======== MATERIAL PROVIDED ========

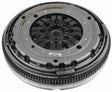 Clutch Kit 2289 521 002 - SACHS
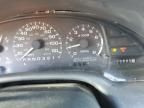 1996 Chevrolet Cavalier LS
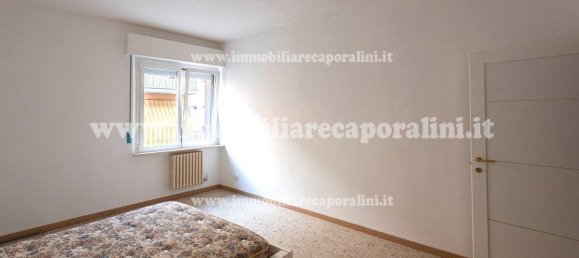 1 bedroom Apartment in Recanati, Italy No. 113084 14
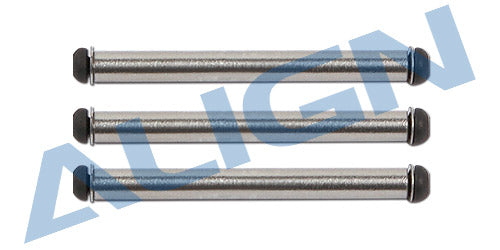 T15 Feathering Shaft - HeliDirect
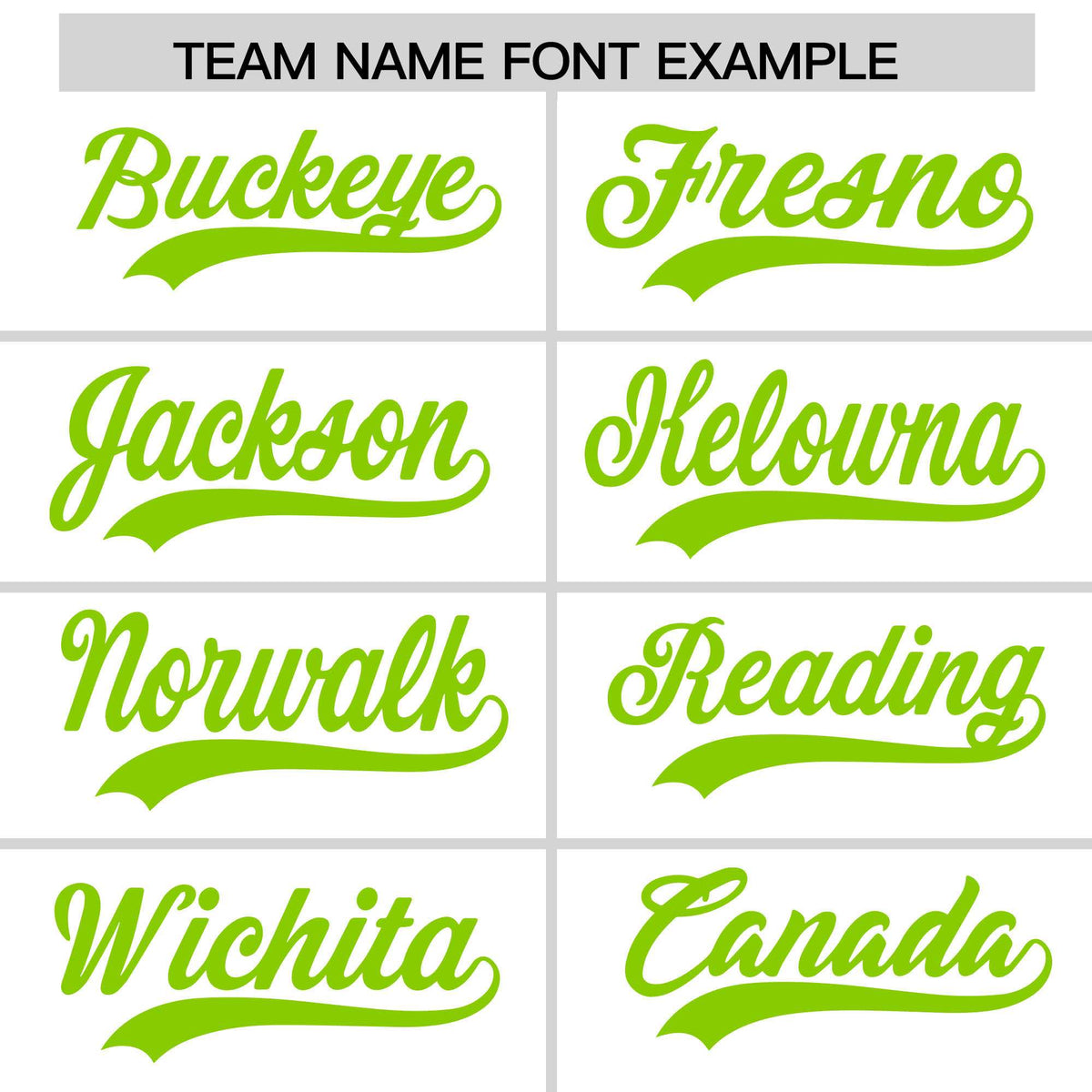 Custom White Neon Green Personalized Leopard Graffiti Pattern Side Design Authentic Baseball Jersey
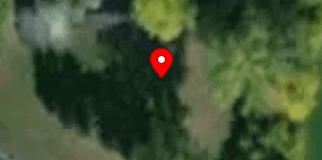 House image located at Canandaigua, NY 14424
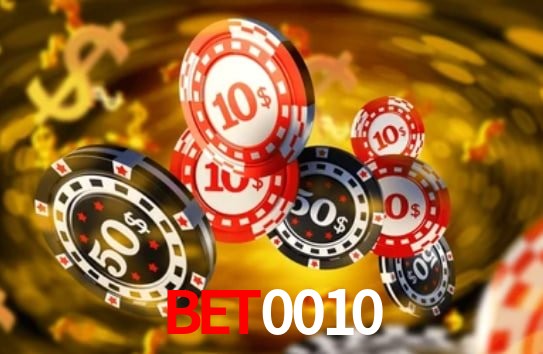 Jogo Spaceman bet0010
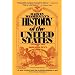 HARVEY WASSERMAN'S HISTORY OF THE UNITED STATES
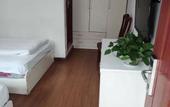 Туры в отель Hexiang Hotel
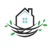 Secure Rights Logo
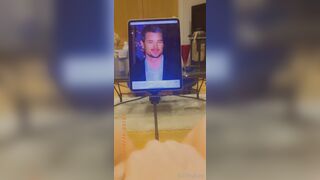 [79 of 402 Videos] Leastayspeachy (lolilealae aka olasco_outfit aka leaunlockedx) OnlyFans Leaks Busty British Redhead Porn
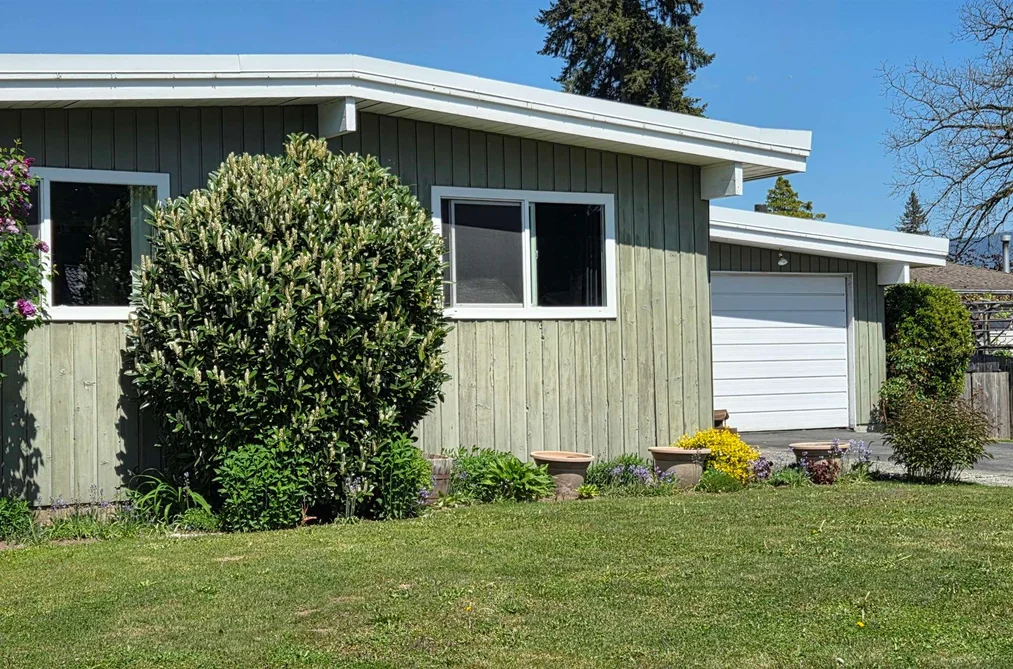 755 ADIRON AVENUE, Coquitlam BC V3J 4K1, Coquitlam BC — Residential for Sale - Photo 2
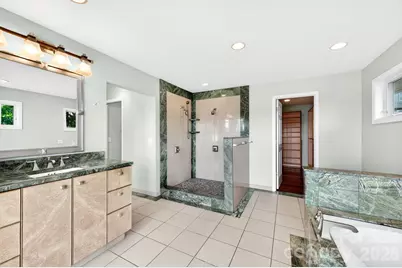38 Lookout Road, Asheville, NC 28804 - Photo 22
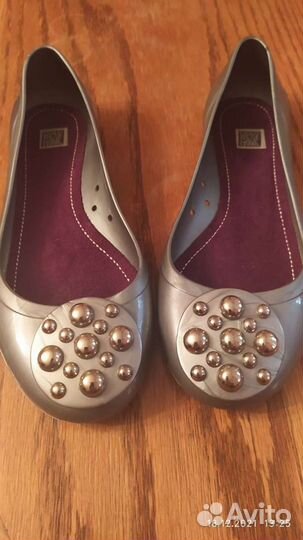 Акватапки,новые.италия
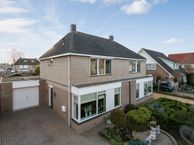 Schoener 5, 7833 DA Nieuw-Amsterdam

========

* **WHAT THIS TASK INVOLVES**
Transcribe exactly the lines running from the line with "Secure Rights Logo" to the last line of the entries. Pictures stay out of the copy.

* **SOLUTION BELOW**
 Secure Rights Logo
 [79 of 402 Videos] Leastayspeachy (lolilealae aka olasco_outfit aka leaunlockedx) OnlyFans Leaks Busty British Redhead Porn
 755 ADIRON AVENUE, Coquitlam BC V3J 4K1, Coquitlam BC — Residential for Sale - Photo 2
38 Lookout Road, Asheville, NC 28804 - Photo 22
 Акватапки,новые.италия
 Schoener 5, 7833 DA Nieuw-Amsterdam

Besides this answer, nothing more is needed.